Hence, Lagrange's theorem is verified.

(xvi) We have,

$f\left(x\right)=x^3-5x^2-3x$

Since polynomial function is everywhere continuous and differentiable

Therefore, $f\left(x\right)$ is continuous on $\left[1,3\right]$ and differentiable on $\left(1,3\right)$

Thus, both the conditions of lagrange's theorem are satisfied.

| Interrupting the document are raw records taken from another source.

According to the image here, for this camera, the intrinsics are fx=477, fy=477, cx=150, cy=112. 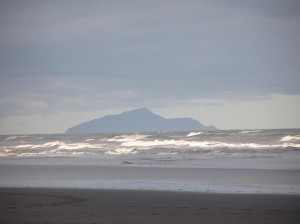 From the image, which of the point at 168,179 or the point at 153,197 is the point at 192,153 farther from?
the point at 153,197

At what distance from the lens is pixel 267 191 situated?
14.1 m

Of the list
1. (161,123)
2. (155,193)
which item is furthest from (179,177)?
(161,123)

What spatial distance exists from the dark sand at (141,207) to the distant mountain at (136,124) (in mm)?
118639

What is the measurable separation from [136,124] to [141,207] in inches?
5534

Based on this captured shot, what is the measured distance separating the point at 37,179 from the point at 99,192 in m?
5.26

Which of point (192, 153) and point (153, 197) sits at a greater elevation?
point (192, 153)

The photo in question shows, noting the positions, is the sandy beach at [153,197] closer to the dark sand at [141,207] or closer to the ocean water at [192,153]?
the dark sand at [141,207]

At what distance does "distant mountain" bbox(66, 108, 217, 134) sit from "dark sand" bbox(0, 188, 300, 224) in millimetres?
118639

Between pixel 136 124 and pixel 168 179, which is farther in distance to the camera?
pixel 136 124

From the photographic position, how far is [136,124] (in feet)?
498

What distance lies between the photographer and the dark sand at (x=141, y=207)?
9.57 m

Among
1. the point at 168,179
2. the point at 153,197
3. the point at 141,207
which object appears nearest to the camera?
the point at 141,207

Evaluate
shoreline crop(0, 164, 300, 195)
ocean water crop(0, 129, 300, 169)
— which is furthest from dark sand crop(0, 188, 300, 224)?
ocean water crop(0, 129, 300, 169)

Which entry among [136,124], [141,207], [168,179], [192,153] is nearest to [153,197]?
[141,207] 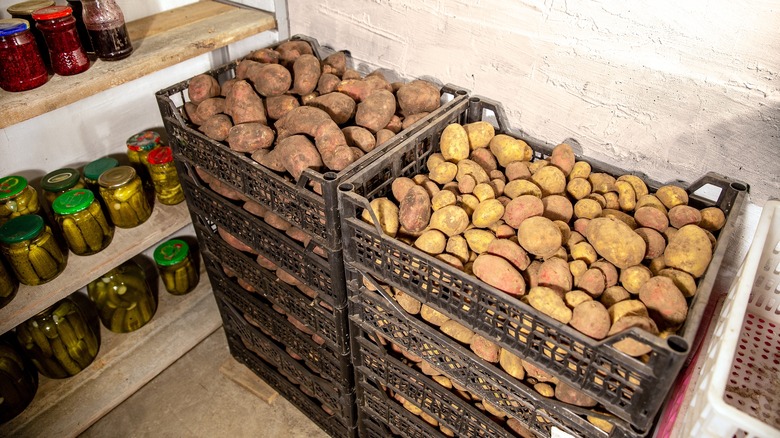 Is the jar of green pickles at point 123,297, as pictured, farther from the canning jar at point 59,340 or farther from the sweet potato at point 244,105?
the sweet potato at point 244,105

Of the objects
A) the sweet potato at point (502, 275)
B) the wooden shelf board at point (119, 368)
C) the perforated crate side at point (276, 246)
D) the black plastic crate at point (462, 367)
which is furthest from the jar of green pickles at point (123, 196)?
the sweet potato at point (502, 275)

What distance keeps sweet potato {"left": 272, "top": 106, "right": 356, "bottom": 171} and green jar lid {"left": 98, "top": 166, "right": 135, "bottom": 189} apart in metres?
0.66

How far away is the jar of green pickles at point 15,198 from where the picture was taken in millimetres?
1511

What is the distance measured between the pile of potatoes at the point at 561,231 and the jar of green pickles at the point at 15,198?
115 cm

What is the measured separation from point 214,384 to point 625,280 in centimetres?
159

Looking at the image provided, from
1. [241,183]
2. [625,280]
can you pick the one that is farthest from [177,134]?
[625,280]

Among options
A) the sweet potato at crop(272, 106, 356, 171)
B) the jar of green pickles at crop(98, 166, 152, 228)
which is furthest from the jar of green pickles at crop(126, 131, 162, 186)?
the sweet potato at crop(272, 106, 356, 171)

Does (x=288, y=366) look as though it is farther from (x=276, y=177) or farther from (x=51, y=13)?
(x=51, y=13)

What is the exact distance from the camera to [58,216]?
1557mm

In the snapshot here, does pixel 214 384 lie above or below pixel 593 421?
below

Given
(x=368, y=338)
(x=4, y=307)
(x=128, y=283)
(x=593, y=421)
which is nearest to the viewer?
(x=593, y=421)

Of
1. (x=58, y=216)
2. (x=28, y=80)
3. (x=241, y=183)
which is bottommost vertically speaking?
(x=58, y=216)

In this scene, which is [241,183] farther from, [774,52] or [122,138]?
[774,52]

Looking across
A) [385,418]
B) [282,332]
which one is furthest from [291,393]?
[385,418] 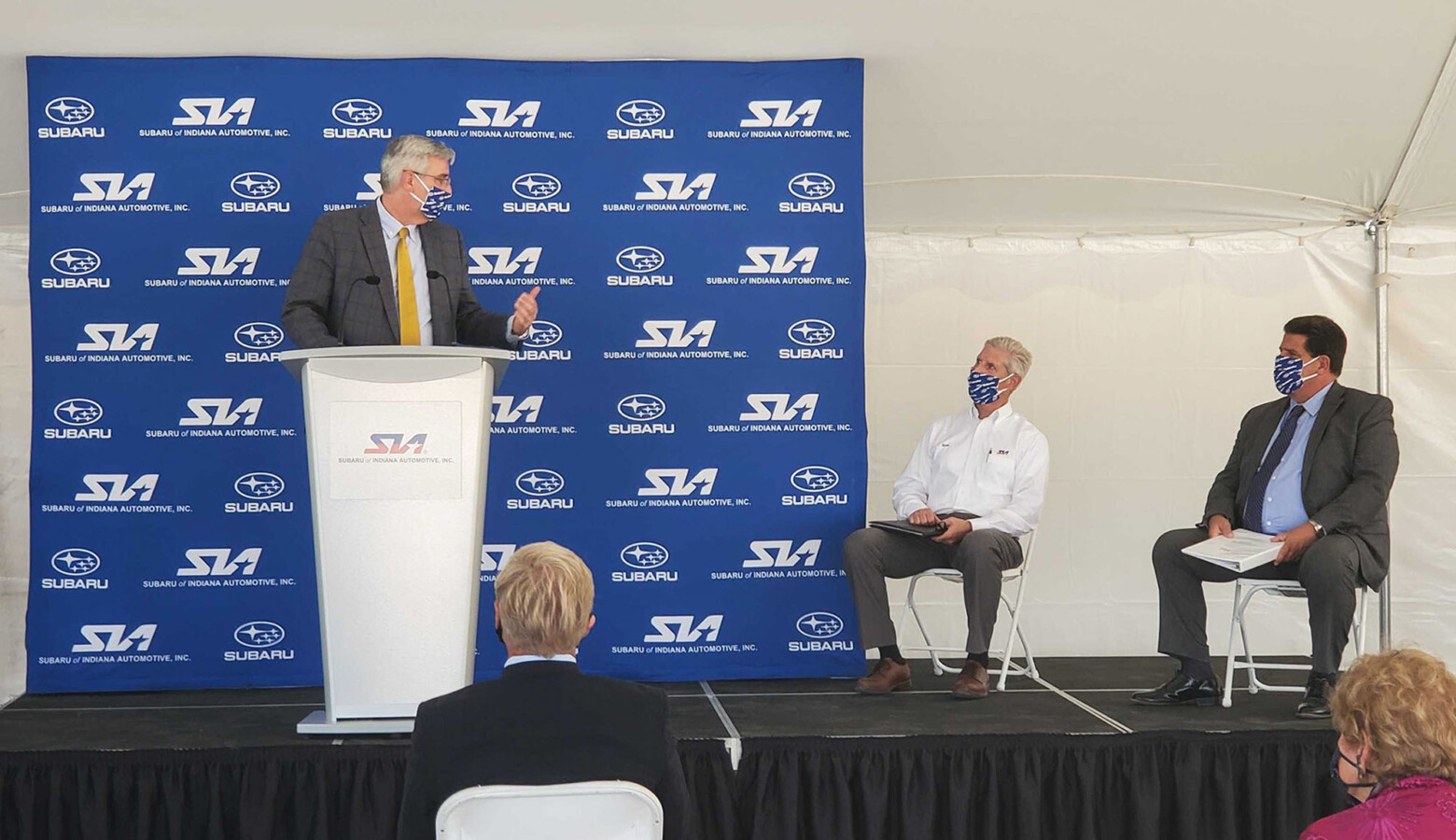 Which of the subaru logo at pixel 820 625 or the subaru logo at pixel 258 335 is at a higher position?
the subaru logo at pixel 258 335

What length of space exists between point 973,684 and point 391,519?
196cm

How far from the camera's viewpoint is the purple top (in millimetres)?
1736

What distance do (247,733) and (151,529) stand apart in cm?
120

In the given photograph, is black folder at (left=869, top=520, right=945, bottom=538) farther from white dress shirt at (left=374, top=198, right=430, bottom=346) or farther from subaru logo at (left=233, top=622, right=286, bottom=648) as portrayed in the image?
subaru logo at (left=233, top=622, right=286, bottom=648)

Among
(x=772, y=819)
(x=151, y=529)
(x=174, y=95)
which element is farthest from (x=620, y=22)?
(x=772, y=819)

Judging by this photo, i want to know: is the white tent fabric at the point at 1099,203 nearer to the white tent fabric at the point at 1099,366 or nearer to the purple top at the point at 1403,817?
the white tent fabric at the point at 1099,366

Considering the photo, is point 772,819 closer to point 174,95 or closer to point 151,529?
point 151,529

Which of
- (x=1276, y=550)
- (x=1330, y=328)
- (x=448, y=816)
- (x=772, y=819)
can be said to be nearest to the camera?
(x=448, y=816)

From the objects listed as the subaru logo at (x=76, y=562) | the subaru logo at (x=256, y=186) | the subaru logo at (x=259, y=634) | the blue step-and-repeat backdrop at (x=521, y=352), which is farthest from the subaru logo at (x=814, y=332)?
the subaru logo at (x=76, y=562)

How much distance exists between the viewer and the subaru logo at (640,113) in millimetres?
4684

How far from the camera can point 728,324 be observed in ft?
15.3

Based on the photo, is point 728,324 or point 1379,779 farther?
point 728,324

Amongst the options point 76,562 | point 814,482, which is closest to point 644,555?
point 814,482

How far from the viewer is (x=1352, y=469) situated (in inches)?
165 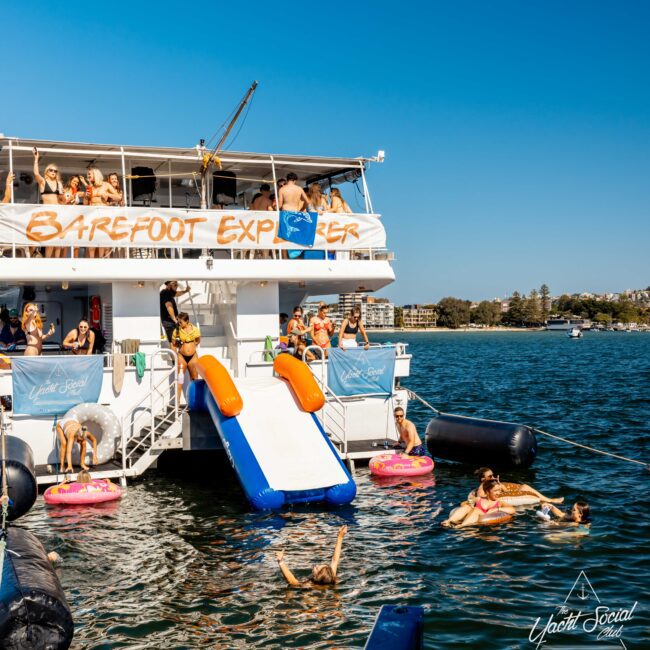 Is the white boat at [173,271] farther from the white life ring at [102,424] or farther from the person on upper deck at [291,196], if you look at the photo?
the person on upper deck at [291,196]

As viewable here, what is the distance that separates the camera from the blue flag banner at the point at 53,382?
15609 mm

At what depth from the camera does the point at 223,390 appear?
48.8 feet

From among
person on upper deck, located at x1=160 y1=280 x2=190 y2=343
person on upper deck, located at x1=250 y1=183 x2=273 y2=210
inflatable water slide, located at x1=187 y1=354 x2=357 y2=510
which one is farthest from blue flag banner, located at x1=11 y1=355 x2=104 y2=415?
person on upper deck, located at x1=250 y1=183 x2=273 y2=210

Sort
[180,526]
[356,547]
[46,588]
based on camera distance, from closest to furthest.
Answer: [46,588] < [356,547] < [180,526]

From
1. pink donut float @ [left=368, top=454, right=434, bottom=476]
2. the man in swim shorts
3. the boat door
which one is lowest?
pink donut float @ [left=368, top=454, right=434, bottom=476]

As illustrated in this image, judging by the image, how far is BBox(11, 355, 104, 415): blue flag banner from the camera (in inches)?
615

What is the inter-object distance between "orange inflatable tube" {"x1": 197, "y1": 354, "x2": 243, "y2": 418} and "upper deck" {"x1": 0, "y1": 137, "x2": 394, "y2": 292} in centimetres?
306

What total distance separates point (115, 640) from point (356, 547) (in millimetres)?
4191

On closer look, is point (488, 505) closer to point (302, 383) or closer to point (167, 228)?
point (302, 383)

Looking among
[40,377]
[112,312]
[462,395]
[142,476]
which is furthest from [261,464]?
[462,395]

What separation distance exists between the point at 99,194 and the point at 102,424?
18.1ft

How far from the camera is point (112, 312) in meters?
18.0

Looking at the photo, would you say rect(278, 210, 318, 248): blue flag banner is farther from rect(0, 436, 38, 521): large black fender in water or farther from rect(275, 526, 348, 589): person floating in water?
rect(275, 526, 348, 589): person floating in water

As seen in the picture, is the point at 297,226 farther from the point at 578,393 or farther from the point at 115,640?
the point at 578,393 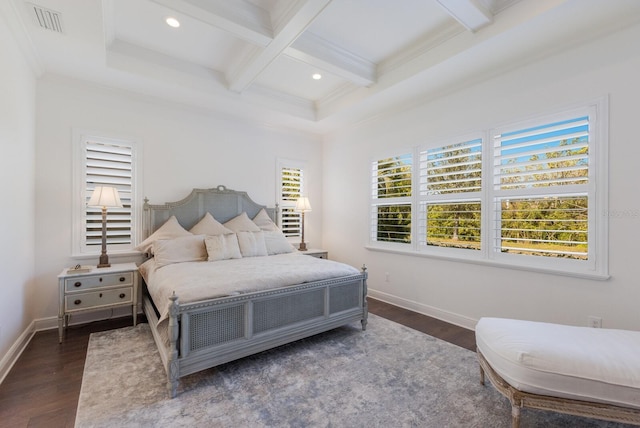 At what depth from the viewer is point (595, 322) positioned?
2.54m

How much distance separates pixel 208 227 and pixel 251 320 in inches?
79.3

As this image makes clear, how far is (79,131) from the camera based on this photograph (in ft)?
11.3

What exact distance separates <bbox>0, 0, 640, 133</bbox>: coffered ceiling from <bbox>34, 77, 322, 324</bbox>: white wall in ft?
0.82

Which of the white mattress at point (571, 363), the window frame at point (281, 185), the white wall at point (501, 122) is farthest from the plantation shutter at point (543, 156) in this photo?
the window frame at point (281, 185)

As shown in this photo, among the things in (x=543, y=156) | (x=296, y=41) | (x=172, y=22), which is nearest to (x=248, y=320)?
(x=296, y=41)

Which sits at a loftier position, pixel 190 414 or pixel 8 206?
pixel 8 206

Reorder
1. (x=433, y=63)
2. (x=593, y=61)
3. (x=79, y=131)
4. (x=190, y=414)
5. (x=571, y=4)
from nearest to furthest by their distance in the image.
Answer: (x=190, y=414)
(x=571, y=4)
(x=593, y=61)
(x=433, y=63)
(x=79, y=131)

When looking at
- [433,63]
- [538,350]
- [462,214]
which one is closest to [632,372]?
[538,350]

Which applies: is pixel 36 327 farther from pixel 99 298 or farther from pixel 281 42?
pixel 281 42

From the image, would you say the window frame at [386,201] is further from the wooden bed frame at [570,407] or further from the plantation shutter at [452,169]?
the wooden bed frame at [570,407]

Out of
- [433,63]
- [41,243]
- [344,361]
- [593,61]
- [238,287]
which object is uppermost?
[433,63]

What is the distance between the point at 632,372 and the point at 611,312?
1.23 meters

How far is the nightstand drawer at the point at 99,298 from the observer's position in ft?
9.75

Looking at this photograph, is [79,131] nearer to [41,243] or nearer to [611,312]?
[41,243] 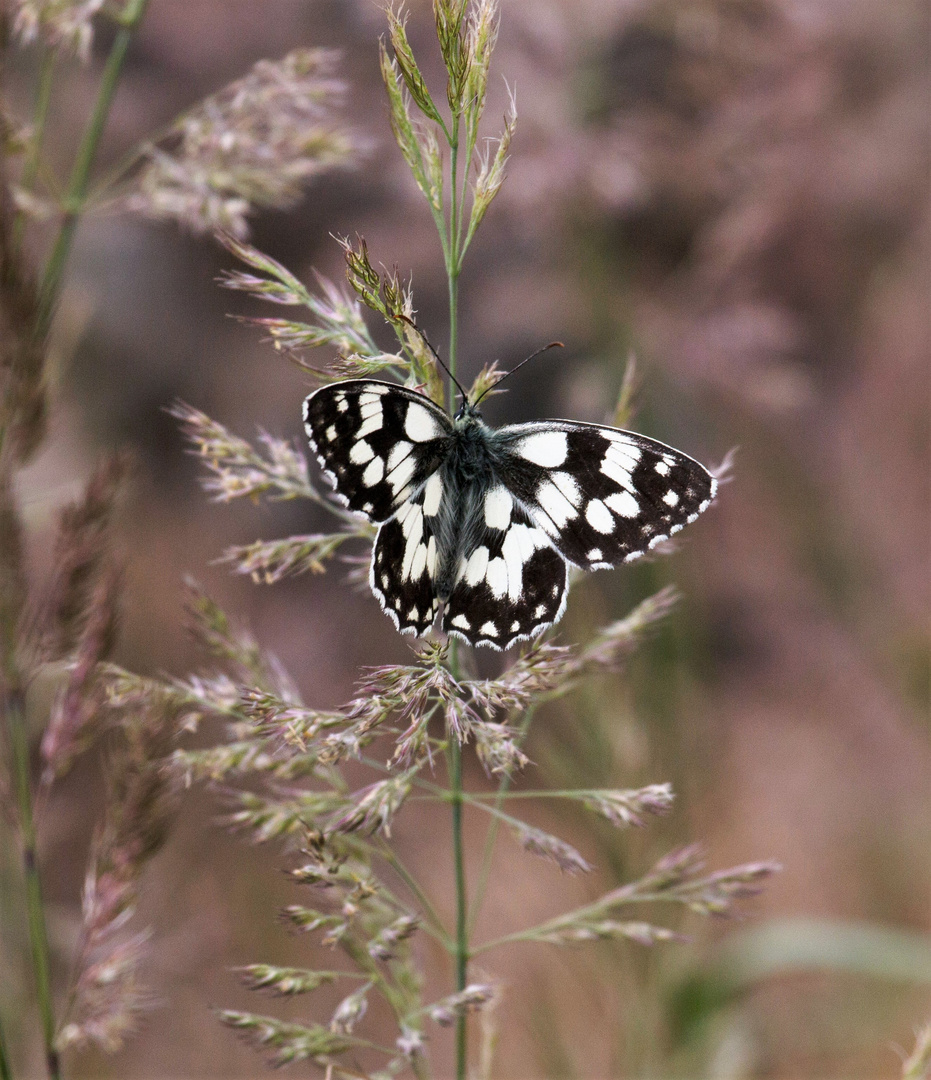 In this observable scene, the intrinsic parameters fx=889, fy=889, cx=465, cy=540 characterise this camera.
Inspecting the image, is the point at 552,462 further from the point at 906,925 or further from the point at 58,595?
the point at 906,925

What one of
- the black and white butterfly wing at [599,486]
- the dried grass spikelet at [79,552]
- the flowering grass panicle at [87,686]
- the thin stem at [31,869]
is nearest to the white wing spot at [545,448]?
the black and white butterfly wing at [599,486]

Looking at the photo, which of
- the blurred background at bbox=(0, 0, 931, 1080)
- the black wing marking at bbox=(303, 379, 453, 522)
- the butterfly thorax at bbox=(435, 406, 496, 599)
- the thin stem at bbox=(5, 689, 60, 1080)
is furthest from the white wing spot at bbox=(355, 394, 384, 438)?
the blurred background at bbox=(0, 0, 931, 1080)

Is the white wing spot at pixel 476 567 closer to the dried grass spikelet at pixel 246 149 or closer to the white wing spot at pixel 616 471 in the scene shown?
the white wing spot at pixel 616 471

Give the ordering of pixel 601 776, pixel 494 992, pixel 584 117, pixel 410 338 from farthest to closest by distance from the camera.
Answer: pixel 584 117 < pixel 601 776 < pixel 410 338 < pixel 494 992

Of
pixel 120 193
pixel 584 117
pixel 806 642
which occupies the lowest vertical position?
pixel 120 193

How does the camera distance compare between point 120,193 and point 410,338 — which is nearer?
point 410,338

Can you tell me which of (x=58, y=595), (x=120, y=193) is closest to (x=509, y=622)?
(x=58, y=595)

Consequently, there exists some $c\in \left(1,3\right)$ such that

$f\text{'}\left(c\right)=\frac{f\left(3\right)-f\left(1\right)}{3-1}=\frac{f\left(3\right)-f\left(1\right)}{2}$

Now, $f\left(x\right)=x^3-5x^2-3x$

$f\text{'}\left(x\right)=3x^2-10x-3$ , $f\left(3\right)=-27$ , $f\left(1\right)=-7$

∴ $f\text{'}\left(x\right)=\frac{f\left(3\right)-f\left(1\right)}{2}$
$$\begin{gathered} \Rightarrow 3x^2-10x-3=\frac{-20}{2} \\ \Rightarrow 3x^2-10x+7=0 \\ \Rightarrow x=1,\frac{7}{3} \end{gathered}$$

Thus, $c=\frac{7}{3}\in \left(1,3\right)$ such that $f\text{'}\left(c\right)=\frac{f\left(3\right)-f\left(1\right)}{3-1}$.

Hence, Lagrange's theorem is verified.